And that’s it! You are now primed for the salvation run later on.
Act Two
You have two things to accomplish in Act Two before we can continue rescuing our favorite war criminal:
- Reach the Moonrise Towers waypoint.
- Become level 7.
There are five party conditions you’ll need for this trick to work:
- You have not been in any fights in Moonrise Towers, particularly in the prison.
- One party member who knows the spell Polymorph.
- A different party member who knows Dominate Beast.
- A third character who does the hauling. This can be either of:
- A high-strength character (I used Karlach at 18; the floor might be lower, but if you can’t reach it, the potion Elixir of Hill Giant Strength puts you at 21). You should also have a couple Potions of Speed.
- A caster who knows Dimension Door. This spell allows the caster and one ally to misty-step as a team. However, this is an L4 slot and is limited by the character’s sightline. Unless you have a bunch of scrolls, you should prefer the muscle route.
You can use scrolls for both spells, but the spells are contestable and temporary, so you’re better off with characters who know them intrinsically.
My party composition was regular Gale (Polymorph caster), re-specced Wyll as Archfey Warlock (Dominate Beast caster), and Karlach (the muscle).
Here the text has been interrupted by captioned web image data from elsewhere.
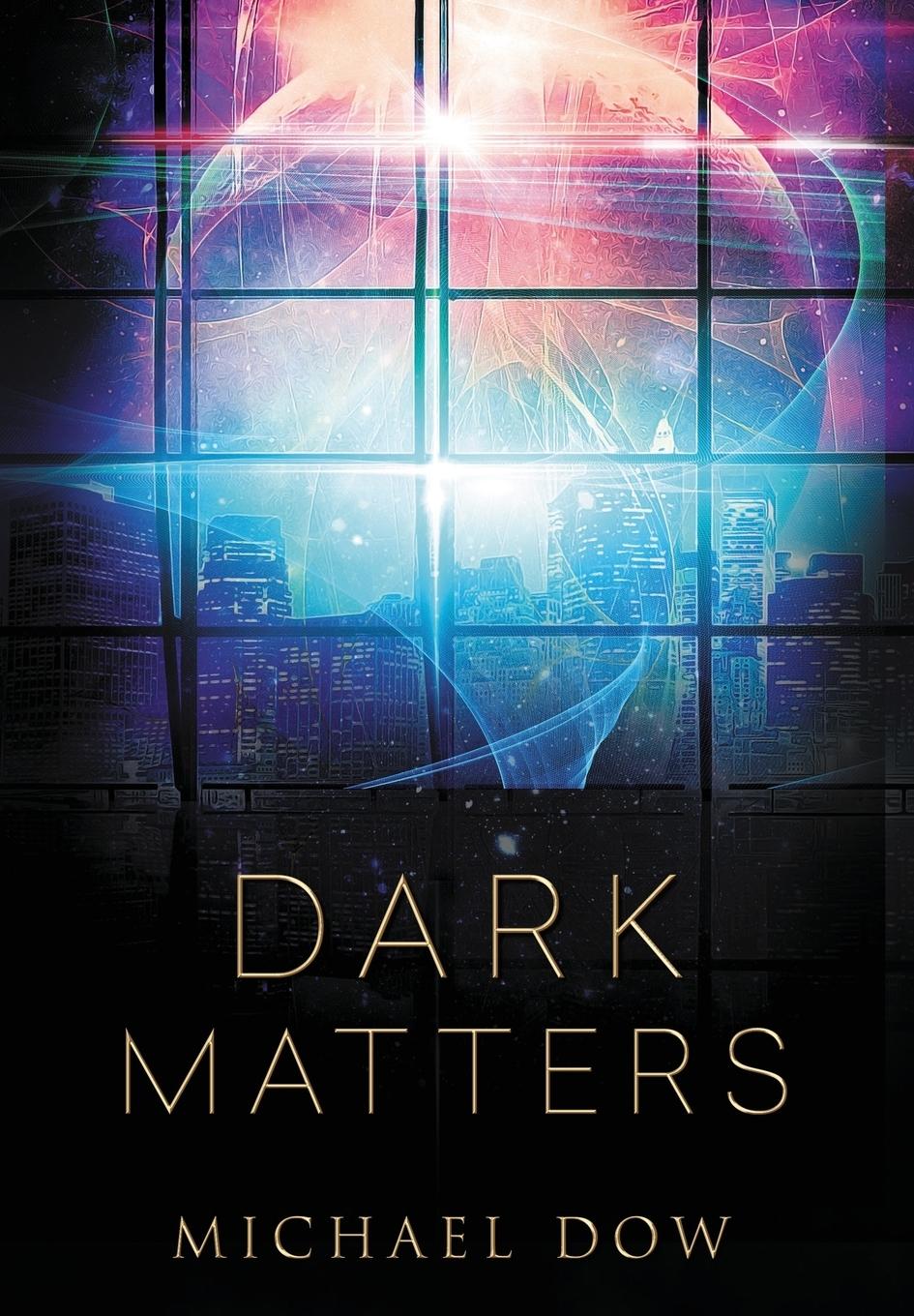 Vorderes Coverbild Dark Matters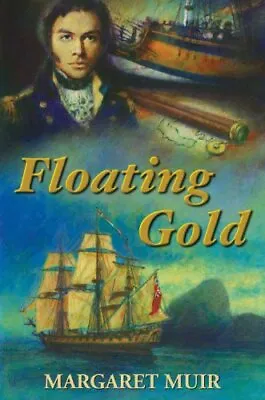 Floating Gold • £5.25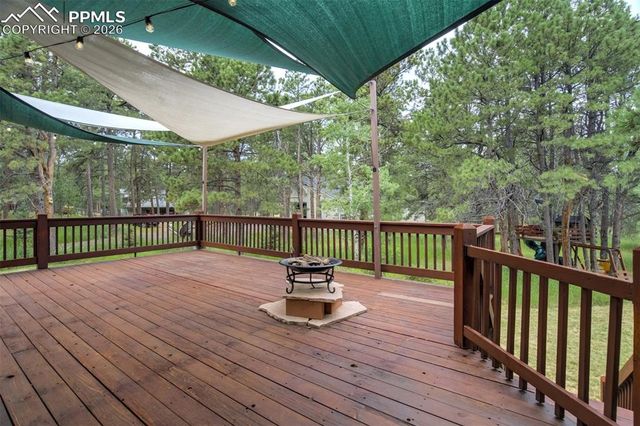 20252 W Elk Creek Drive, Colorado Springs, CO 80908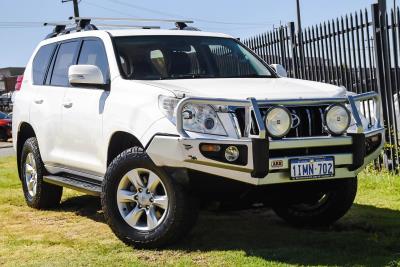 2010 Toyota Landcruiser Prado GXL Wagon KDJ150R for sale in North West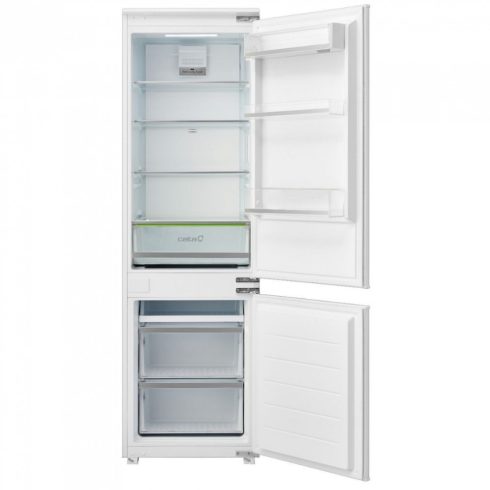 Cata CI 54177 NF/A Beépíthető Alulfagyasztós hűtőszekrény, bútorlap nélkül
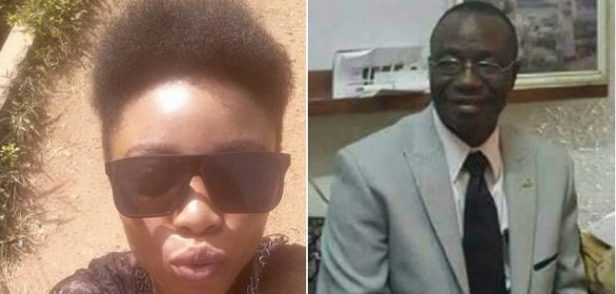 SEX-FOR-MARK SCANDAL: Prof. failed me because I refused his s3xual demands, victim says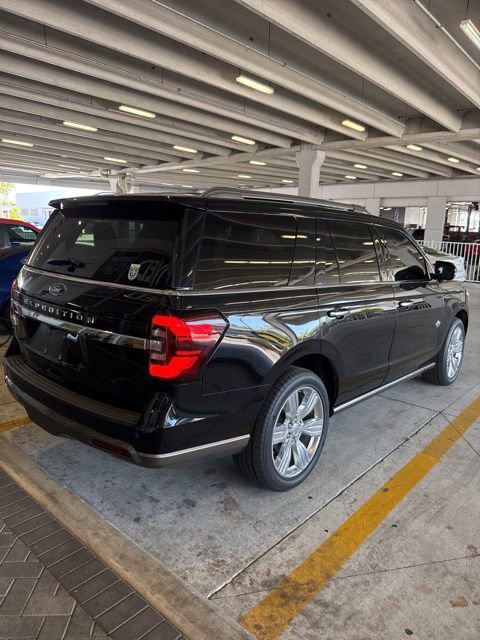 Certified 2022 Ford Expedition King Ranch image 3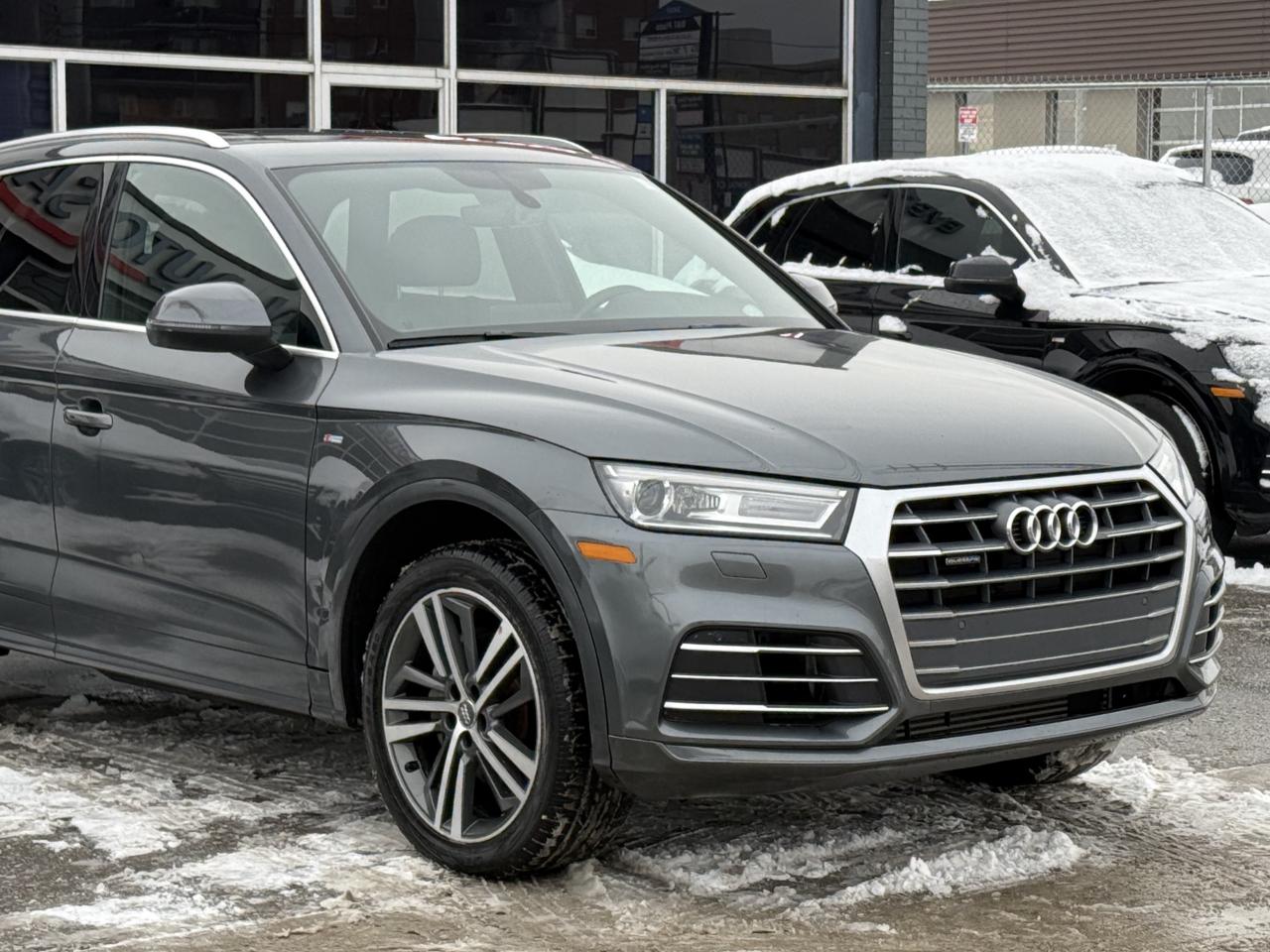 2018 Audi Q5 PROGRESSIV S-LINE | PANO | LOADED Photo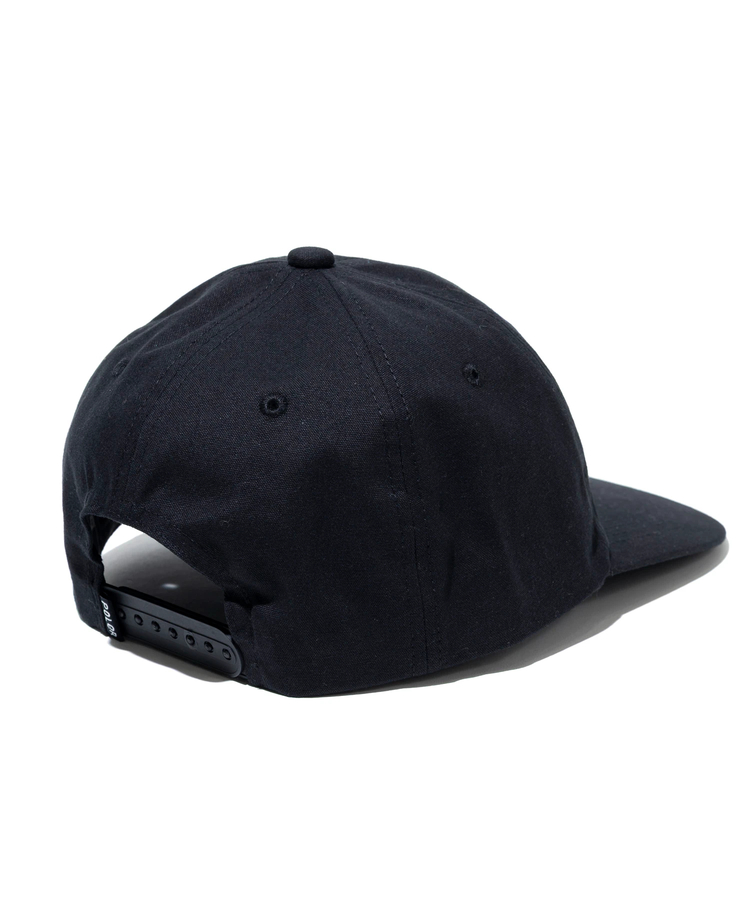 go slow caravan(ゴースローキャラバン) |【GSC別注】POLeR/ポーラー POLeR×GSC FURRY FONT COTTON 6P CAP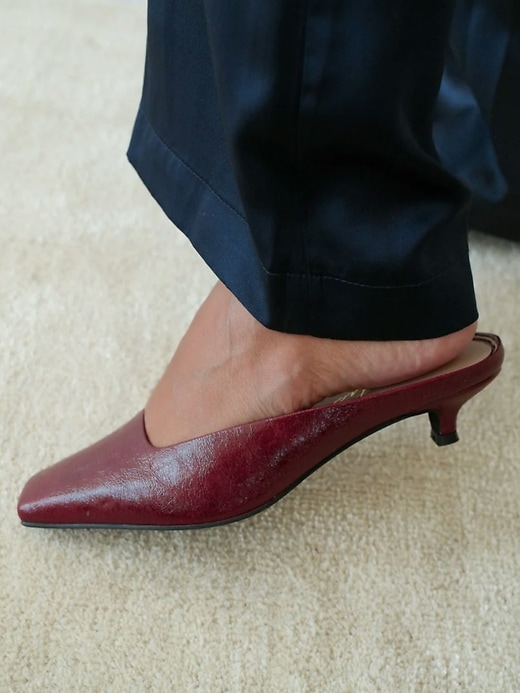 Image number 7 showing, Matisse Classy Heeled Mule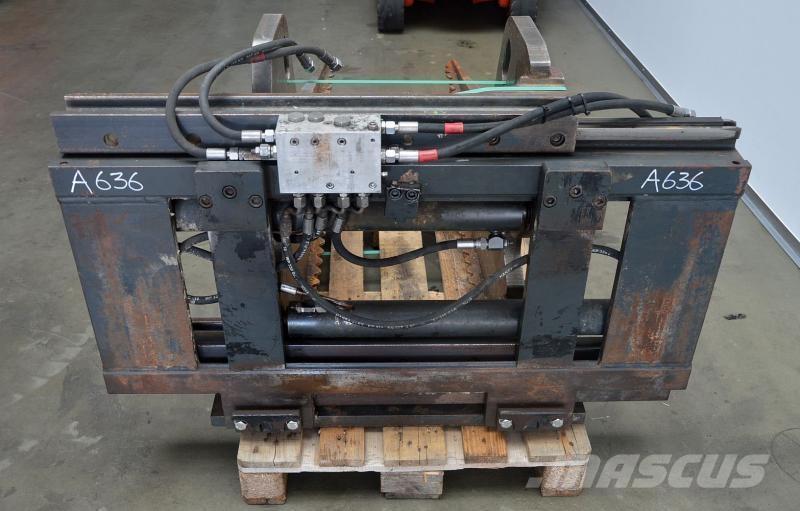 Meyer 3-2232G Övriga tillbehör och komponenter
Halsin can learn both spells, but he can’t travel back to Act One in your party, so his talents are not relevant for this trick.
Consider having one of your non-spellcasters know Bane: both Polymorph and Dominate Beast allow Minthara to attempt a wisdom save against them, and you will definitely want to give her a malus to speed things up.
Also, quicksave after every successful step. This is a fraught and tricky sequence, and you don’t want to keep resetting from the start. If Minthara stops being a sheep before the goal, she instantly sprints for the shadows and permanently leaves the game. You can prevent the sprint by staying in Turn-Based Mode and reäpplying the spells. If you burned all your L4 slots and need to get them back, you can:
- Get into a fight with her before dropping TBM.
- Disengage and flee to camp.
- Long Rest to get your slots back.
- Leave camp, dropping you right back in front of her.
- Apply the spells.
Once she’s in fight mode, she stays put waiting for you to hit her.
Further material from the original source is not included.